Jaurès, Clemenceau, Mirbeau, viennent aussi le voir. Car, dès la fin du mois d’août, un rebondissement va, sinon hâter le dénouement (l’Affaire se caractérise par sa durée), du moins laisser augurer une issue favorable : le colonel Henry, convaincu de faux, est arrêté et se suicide ; puis, en février 1899, la mort de Félix Faure, adversaire de la révision, et l’arrivée de son successeur Émile Loubet, qui y est favorable, conduisent à la libération de Dreyfus, condamné une nouvelle fois à Rennes en septembre 1899, mais grâcié par Loubet dix jours plus tard. En décembre, une loi d’amnistie générale est votée. Zola s’insurge, dans une lettre ouverte au nouveau président de la République, car si Dreyfus est enfin libre, la vérité est « enterrée » par cette loi.
En février 1901, le romancier publie La Vérité en marche, recueil de ses articles relatifs à l’Affaire, classés selon l’ordre chronologique. Après Travail, il achève le troisième de ses Évangiles, Vérité, qui transpose les événements passés dans le monde clos d’une institution religieuse, et quitte Médan pour Paris le 28 septembre. Le lendemain de son retour, on le retrouve sans vie dans sa chambre ; sa femme, inanimée, va survivre, et rapportera au médecin venu l’interroger quinze jours plus tard les derniers mots de son mari : « Demain, nous serons guéris. »

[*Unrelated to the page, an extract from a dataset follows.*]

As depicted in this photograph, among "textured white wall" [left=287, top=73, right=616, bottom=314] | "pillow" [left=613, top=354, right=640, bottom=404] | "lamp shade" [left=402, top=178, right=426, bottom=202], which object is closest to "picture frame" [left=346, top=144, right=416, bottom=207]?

L’autopsie confirme la mort de l’écrivain par empoisonnement dû à l’oxyde de carbone, et l’enquête conclut à un accident. Les obsèques de Zola donnent lieu à de nouveaux déploiements de foules, et L’Aurore, dès le 1er octobre, titre sur six colonnes à la une : « Zola au Panthéon ! » Il est possible que les proches, en particulier Alexandrine, n’aient pas cru à la thèse accidentelle, mais qu’ils aient refusé, « par crainte d’un scandale inutile », note Alain Pagès, de « faire part de leurs doutes ». Mais le feuilleton va se poursuivre : un demi-siècle plus tard, en 1953, un jeune journaliste, Jean Bedel, rapporte dans Libération le témoignage d’un certain Pierre Hacquin, qui avait recueilli en 1927 les confidences d’un ami, dont il ne dévoile pas le nom : cet ami, entrepreneur de fumisterie, affirmait avoir intentionnellement bouché, avec l’aide d’un collègue, la cheminée de Zola. En 1978, le journaliste révèle son nom : il s’agit d’Henri Buronfosse.

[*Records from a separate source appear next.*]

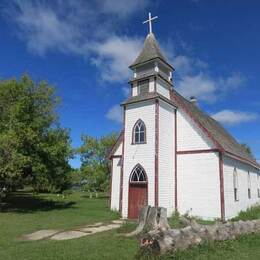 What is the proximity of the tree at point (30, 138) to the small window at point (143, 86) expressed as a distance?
781 cm

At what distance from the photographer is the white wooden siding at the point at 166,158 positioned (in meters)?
19.8

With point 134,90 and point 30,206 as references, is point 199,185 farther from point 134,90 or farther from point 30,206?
point 30,206

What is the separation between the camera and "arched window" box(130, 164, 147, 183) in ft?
65.9

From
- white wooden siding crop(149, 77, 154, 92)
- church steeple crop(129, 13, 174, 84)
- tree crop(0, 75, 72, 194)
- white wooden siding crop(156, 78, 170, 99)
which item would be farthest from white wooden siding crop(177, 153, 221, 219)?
tree crop(0, 75, 72, 194)

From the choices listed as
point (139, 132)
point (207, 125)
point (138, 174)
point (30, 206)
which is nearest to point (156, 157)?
point (138, 174)

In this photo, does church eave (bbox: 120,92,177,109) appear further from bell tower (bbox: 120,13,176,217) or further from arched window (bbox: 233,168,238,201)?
arched window (bbox: 233,168,238,201)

Alain Pagès apporte de nouveaux éléments au dossier Buronfosse, poursuivant l’enquête qu’il avait entreprise il y a quelques années avec la collaboration d’Owen Morgan ; les informations récoltées permettent de cerner une personnalité complexe, et d’établir les appartenances politiques du fumiste. Enfin, une autre pièce doit être prise en considération, le témoignage d’un marbrier. Mais « l’énigme que constitue la mort de Zola est sans doute encore loin d’être éclaircie », faute de preuves autres qu’orales, même si ces témoignages cohérents ont valeur de « documents historiques ».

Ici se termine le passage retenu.